Eco (2001) da algunos ejemplos de innecesario rebuscamiento en la literatura y la escultura para ilustrar lo dicho y aventura una explicación del kitsch como “prefabricación e imposición del efecto” y considera a la cultura alemana como la primera en redondear esta categoría resumiéndola en esa palabra intraducible que Ludwig Giesz, en Phaenomenologie des kitscher (1960), afirma que aparece por vez primera hacia la segunda mitad del siglo XIX, cuando los turistas que deseaban adquirir un cuadro barato en Mónaco pedían un bosquejo (un sketch). Por lo tanto, según Giesz en el estudio de Eco, ese  sería el origen de “kitsch” como significado para la pacotilla artística destinada a compradores ansiosos por fáciles vivencias estéticas, aunque no deja de anotar que en el alemán de Mecklemburg existía ya la palabra “kitschen”, que quiere decir “ensuciarse de barro por la calle”, o también “amañar muebles haciéndolos pasar por antiguos”, en tanto que, sigue comentando Giesz, el verbo “verkitschen” significaría “vender barato”.

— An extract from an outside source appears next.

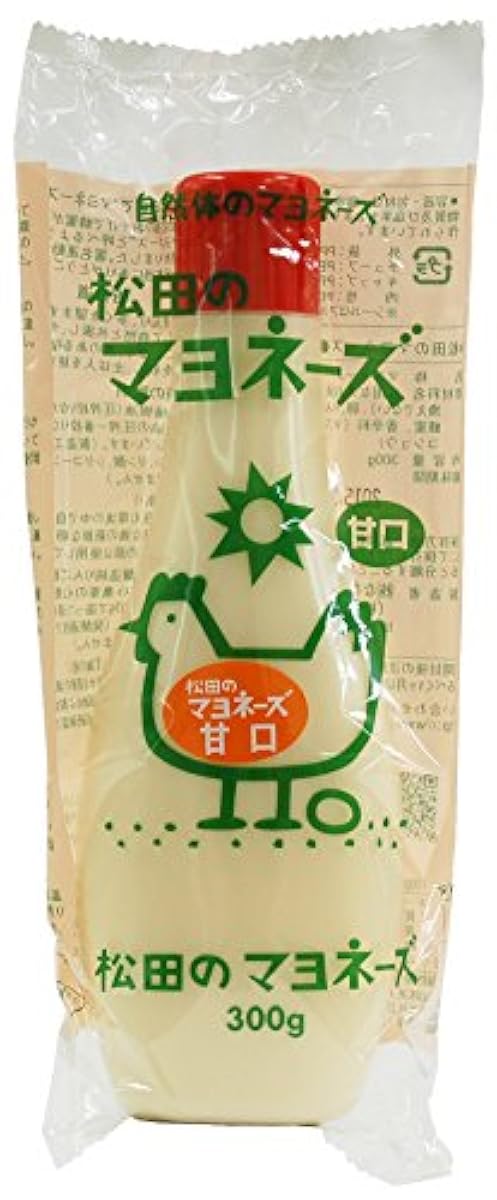 마츠다 마요네즈・단맛 300g-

              Este contraste es muy conveniente para iniciar una explicación sobre la degradación del aura inspirada en un sentimiento descendiente desde la divinidad de la percepción natural, en plena revolución de la reproductibilidad perfecta del objeto-arte destinado a un consumo que garantice una satisfacción estética inmediata para la mayor cantidad de personas posible, marcando el comienzo del arte masificado como matriz de las nuevas tendencias y de las concepciones filosóficas y lingüísticas modernas sobre la individualidad, ideales para un mundo en donde los derechos son día con día más universales y la industria del entretenimiento sería tan poderosamente catártica como importante en su papel de contrapeso a la vez que aliada de la hegemonía.

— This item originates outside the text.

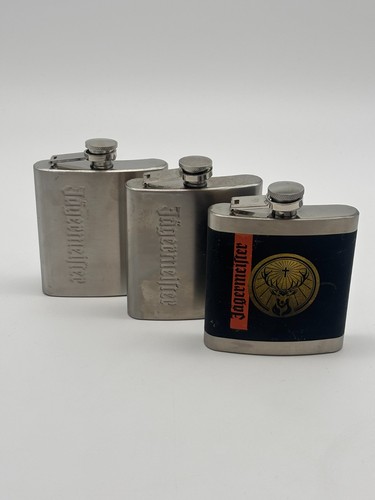 Jägermeister flachmann - jägermeister,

En la cimentación de esta actualización novísima del aura, Eco insiste en asignarle la polarización Provocación de efectos-Divulgación de formas consumadas para señalar al kitsch como una abstracción oscilante de la midcult que aún se encuentra cercana al mundo del arte y que en su proceso hacia la comercialización descarada de la pacotilla entre gradualmente a formar parte de la oferta mediática y es en este punto donde recuerda la preocupación de Adorno (1973) por la reducción de la música al nivel de “fetiche” al subrayar la nueva convivencia entre los subgéneros modernos y las piezas artísticas de noble origen.

              La ya mencionada estetización de los mecanismos políticos que filtran y dirigen los mensajes debió valerse de una dinámica de intercambio simbólico que dependería de la fetichización de las artes como moneda de cambio entre los consumidores para transmitir las formas conmovedoras que son tan caras a la midcult y que se han instituido como factores insustituibles de la convivencia de la sociedad electrónica.

              A ello se refieren Giesz y Eco cuando, al analizar esta estructura del mal gusto, consideran que la música  (o la literatura o la pintura o el diseño) se percibe en un solo bloque aceptado de antemano al ser un dictado del mercado que está pensado para ser provechosa y útil.

              De esta manera, el kitsch supera con creces las predicciones de Shils (En Horkheimer, 1993) sobre las posibilidades de la cultura masiva como vía de acceso de los púlicos de posguerra hacia el arte a varios niveles para instalarse como una sola forma de entender a las artes estudiando la asignación de valores por parte de los públicos ejercitando su propio capital cultural cultivado durante décadas en una estética pop que alcanzó gradualmente la proyección mundial de que ha gozado sobre todo en los últimos veinte años, saltando desde la primera formulación de la cultura media y cebándose en los idearios populares para revalidar al sentimiento “vulgar”. Es ese el sentimiento que al recordar la advertencia de Benjamin sobre los nuevos protagonistas del siglo XX nos revela que la sociedad posmoderna ha hallado hasta en los más pequeños detalles un nicho para el almacenamiento de sus aspiraciones más profundas y en la actualidad particularmente inalcanzables en su variedad y fuerza justo dentro del circuito sistémico de las modernos condiciones de producción, pero presentes y cargados de sentido en su reclusión permanente en los pequeños espacios de la sensibilidad kitsch.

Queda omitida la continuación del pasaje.